CBDB id 25793 (dynasty 27 Eastern Jìn) records lifedates 321–379. The conventional and overwhelmingly preponderant scholarly dating, supported by Wilkinson §14.4 and standard Chinese reference works (e.g. Yú Hé 虞龢 Lùn shū biǎo; Jìn shū 80), is 303–361, followed here. The CBDB lifedates derive from a minority Sòng-period chronology and should be flagged as a discrepancy.
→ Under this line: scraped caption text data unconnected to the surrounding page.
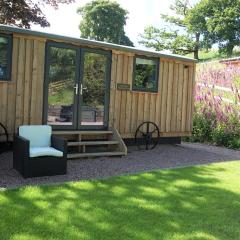 Little Acorn - Luxury shepherd's hut / lodge with private hot tub and garden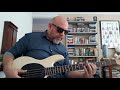 Albert Hammond Jr. - "Far Away Truths" (Bass Cover)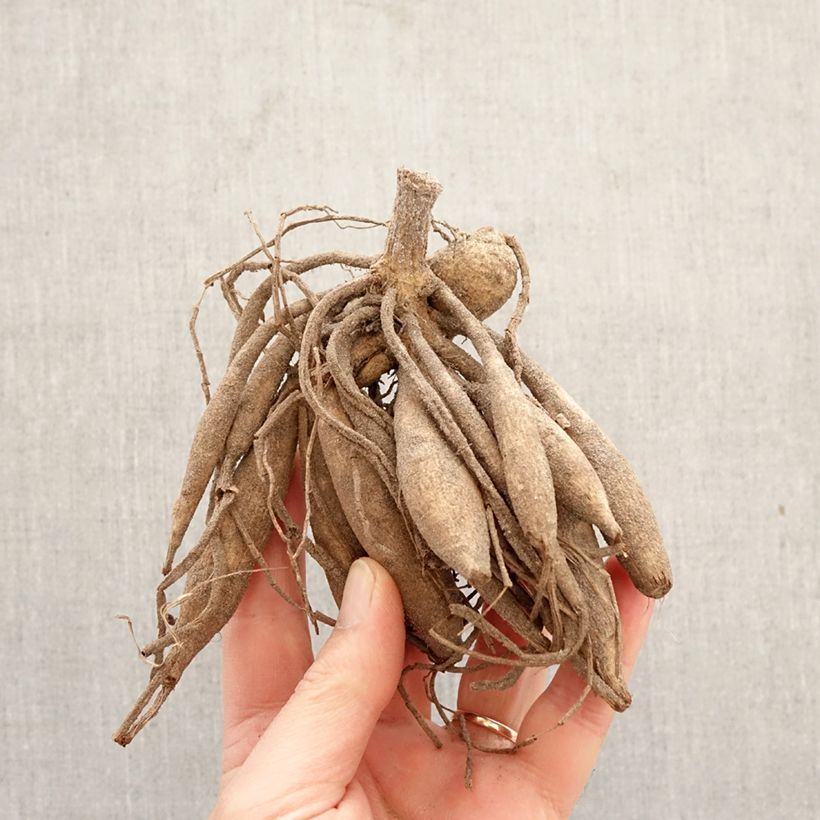 Dahlia Alloway Cottage Bulb sample as delivered in spring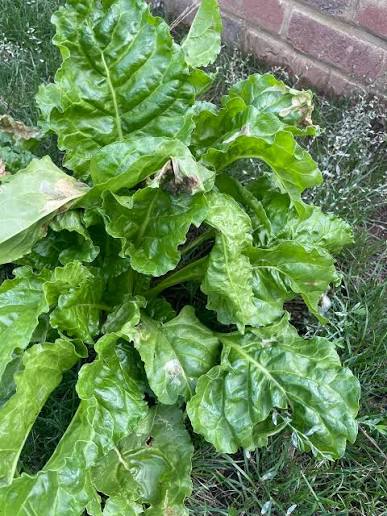 Broadleaf Tortoise Forage Blend Seeds for Planting heirloom & Non-GMO Seeds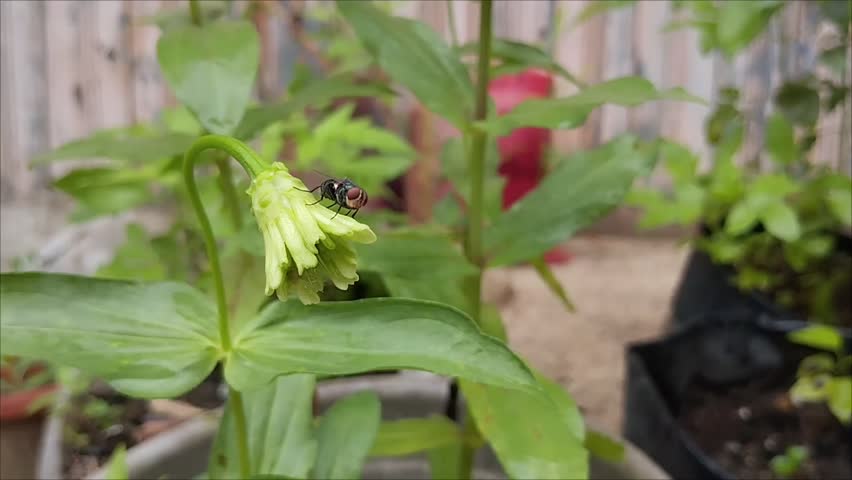 Housefly sitting on a flower 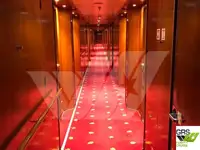 Navire de croisière à vendre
Native of the great northern Lángyé Wáng 琅琊王氏 lineage; nephew of the Eastern-Jìn founding minister Wáng Dǎo 王導 (276–339) and second-cousin to Wáng Dūn 王敦. Studied calligraphy in childhood with Lady Wèi 衛夫人 (衛鑠), then broadened his model to include Lǐ Sī 李斯, Cáo Xǐ 曹喜, Zhōng Yáo 鍾繇, Liáng Hú 梁鵠, Cài Yōng’s 蔡邕 Shíjīng, and Zhāng Chàng’s 張昶 Huáyuè bēi (this self-narrative is preserved in the Bǐzhèn tú hòu KR3h0093). Held offices: Mìshū láng 秘書郎, Jiāngzhōu cìshǐ 江州刺史 (briefly), Yòujūn jiāngjūn 右軍將軍 and Kuàijī nèishǐ 會稽內史 (whence the standard sobriquet Wáng Yòujūn 王右軍 by which he is referred to throughout the calligraphic tradition).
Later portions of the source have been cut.